Pakistan’s military leadership, by issuing its latest statement on the Dawn Leaks issue through the Inter-Services Public Relations (ISPR), has done the democratic process in Pakistan a significant service. By reiterating their commitment to the constitutional order, dissociating from any of the connections that were being drawn with “any government office or person”, the ISPR statement withdrew the earlier objection raised by the armed forces towards the action being taken by the government in the context of Dawn Leaks.
If the military has ‘stepped back’ from an earlier stance, that can only be read in a positive light. After all, given the problems faced by Pakistan currently in the strategic, diplomatic and security spheres, it is only to be expected that the military leadership would be acutely aware of the dangers inherent in any massive destabilisation of the constitutional political order. The military has come out clearly distancing itself from the interpretations taken by some politicians and media personalities of its earlier objections to the government’s actions in the Dawn Leaks saga.

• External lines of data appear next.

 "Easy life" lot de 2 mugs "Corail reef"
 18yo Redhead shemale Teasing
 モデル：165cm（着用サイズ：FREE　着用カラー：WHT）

Is the situation a win for Prime Minister Nawaz Sharif? Certainly it can be read as such. Faced with a hostile media landscape, which lost no time in attacking him over a variety of issues ranging from Panama to the visit by Indian tycoon Sajjan Jindal, the PM will live to tell the tale of yet another constitutional and political disaster averted. And this was achieved by communication and sensitivity between the civilian and military leadership. The military voiced its concerns, the civilian elected government addressed them and the military issued appropriate acknowledgement of being reassured that their concerns were taken seriously.
There are clearly those in Pakistan’s media and political environment who are deeply dissatisfied with such an outcome. They have been vocal in expressing their disappointment. Social media, electronic media and statements by some political figures have been very clear to that effect. Such elements should ask themselves why they so greatly relish the prospect of a wider rift – or worse, an insurmountable crisis – in civil-military relations. Moreover, perhaps they ought to explain to the people of Pakistan as well as its various institutions, elected or otherwise, as to why they feel that their brand of politics can only be furthered by dangerous fishing in troubled waters. Given our troubled history, the gradual democratisation of the polity is nothing short of good news.